The mild weather helps. As does the predisposition of Vancouver-types to burst outside whenever it isn’t raining. When we lived in a much harsher climate in Edmonton, motivating Aaron to get outside 7 months of the year was a hard sell. He didn’t like the cold (and neither did I) and he was terrified of falling on the ice. His bad knee precluded him from skiing, and we were stuck being aimless shopping mall walkers for most of the year.
We did live across the street from Aaron’s school in Edmonton. He walked to school every day (a slow 5 minute walk for him) – first with one of us, and then gradually by himself, after we accompanied him across the busy street.
The street, a normally quiet residential street, became a freeway at 8 am and 3 pm. People honking, pulling u-turns and speeding off after dropping their kids off at school. I bet on average, 10% of kids walked to school. The rest were dropped off. We can blame the weather on some of this, but in response to the question: why aren’t you walking the three blocks to school? Parents answered: ‘Because of the traffic. It is too dangerous.’
The irony is that those 90% of people were the ones who contributed to the dangerous traffic. I asked the school and the city repeatedly for patrols or traffic signs to be placed at the busiest intersection. ‘Too dangerous’ they said. Too dangerous for adult patrols, but not too dangerous for the little kids who dared venture to school on foot.
The other barrier to walking to school in Edmonton is the death of the neighbourhood school. So many parents choose or are mandated to drive their kids across the city to schools for special academic or sports programs. In Burnaby, they’ve kept the small local school model. All kids who live in the neighbourhood go to their local schools. The catchment areas are all small – less than 6 blocks around the school – and so all kids are within walking distance to the school.

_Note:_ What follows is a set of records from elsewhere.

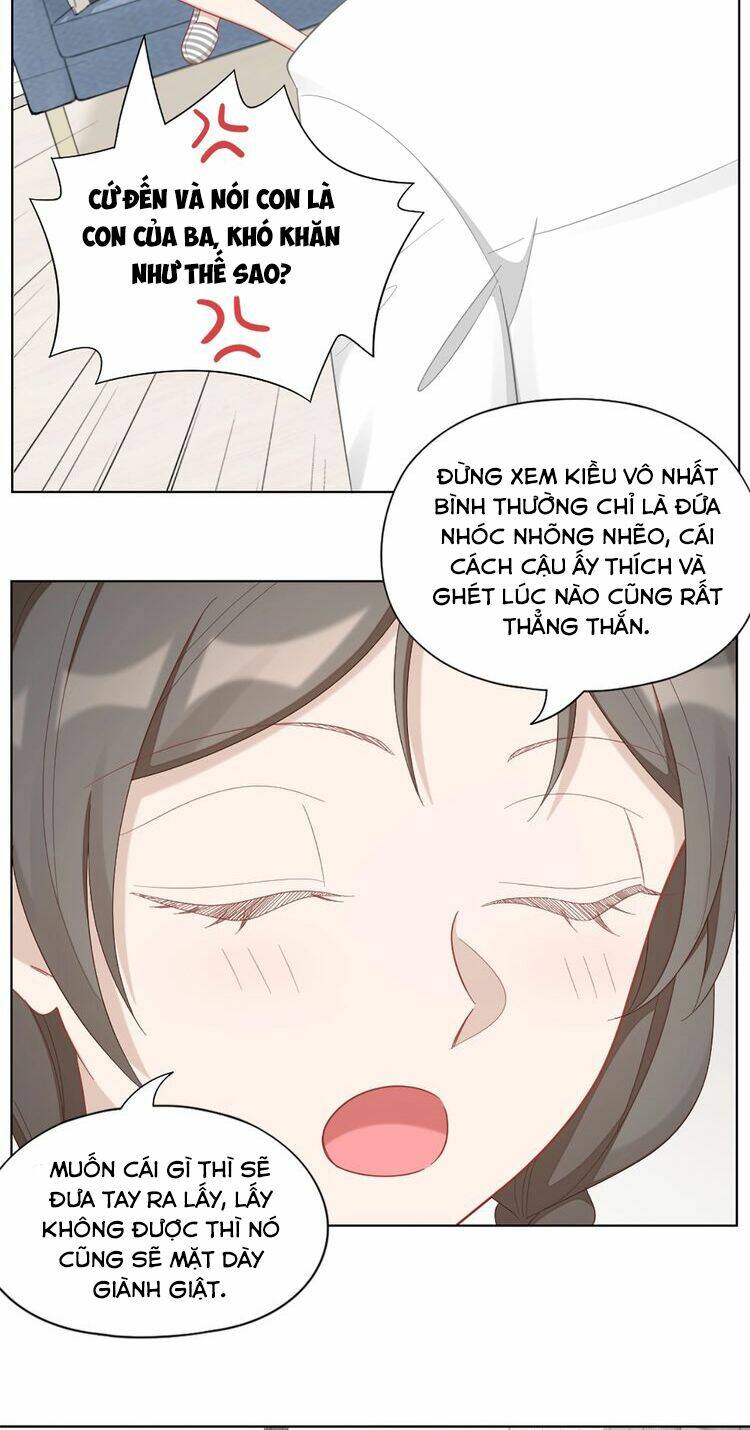 Bạn Trai Là Quái Vật: Chapter 81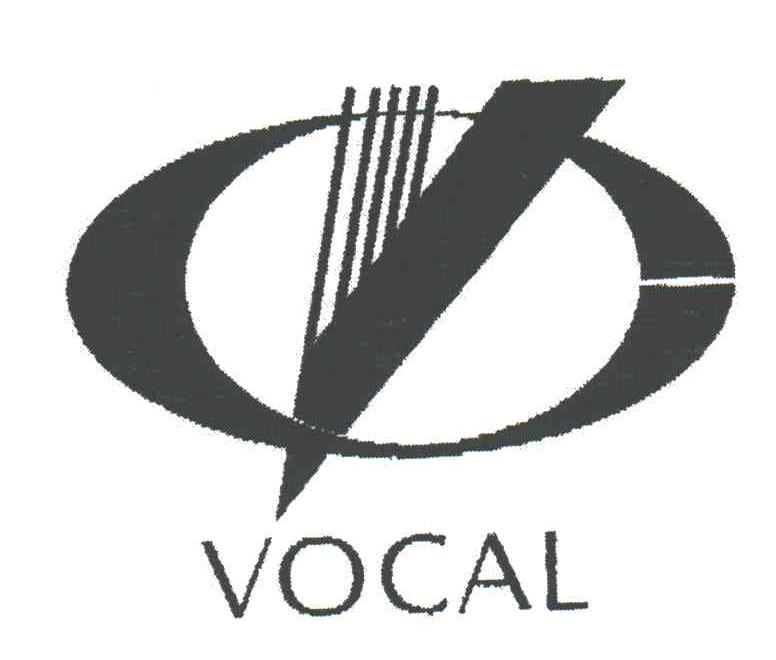 VOCAL;V及图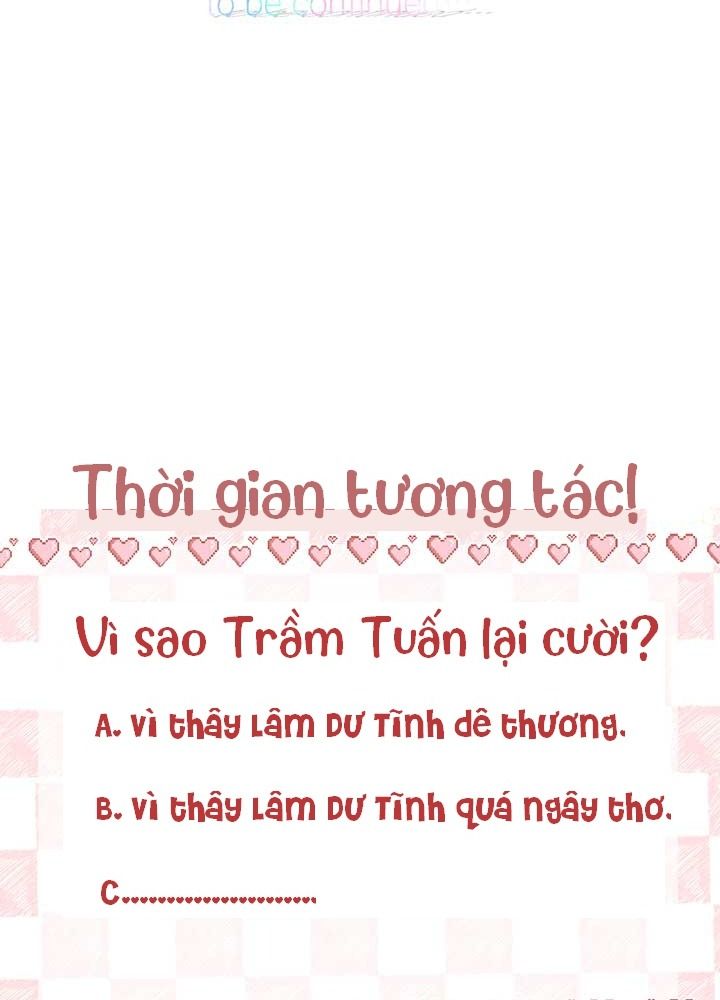 Trong Giấc Mộng Của Tôi: Chapter 61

Here, all the Burnaby schools have 30 km/hour school zones which are monitored by the RCMP. People truly respect that speed limit and slow down accordingly. Adult patrollers are positioned at the busiest intersections. A lady, Miss Sheila, is near our school every morning and every afternoon, and she walks out right onto the road with her stop sign to make sure the kids get across ok. This means we no longer have to play a pedestrian version of Frogger when we cross the road.
Here’s to promoting communities and schools that enable kids to walk back and forth to school. Besides encouraging activity, the walk allows opportunity for Aaron to interact with his classmates walking home and to chat with me about his day. Today he gleefully played the age old, ‘step on mom’s shadow’ game. By the time he reached our front door, he was relaxed and happy.
Kids walking to school. Win, win, win for everyone.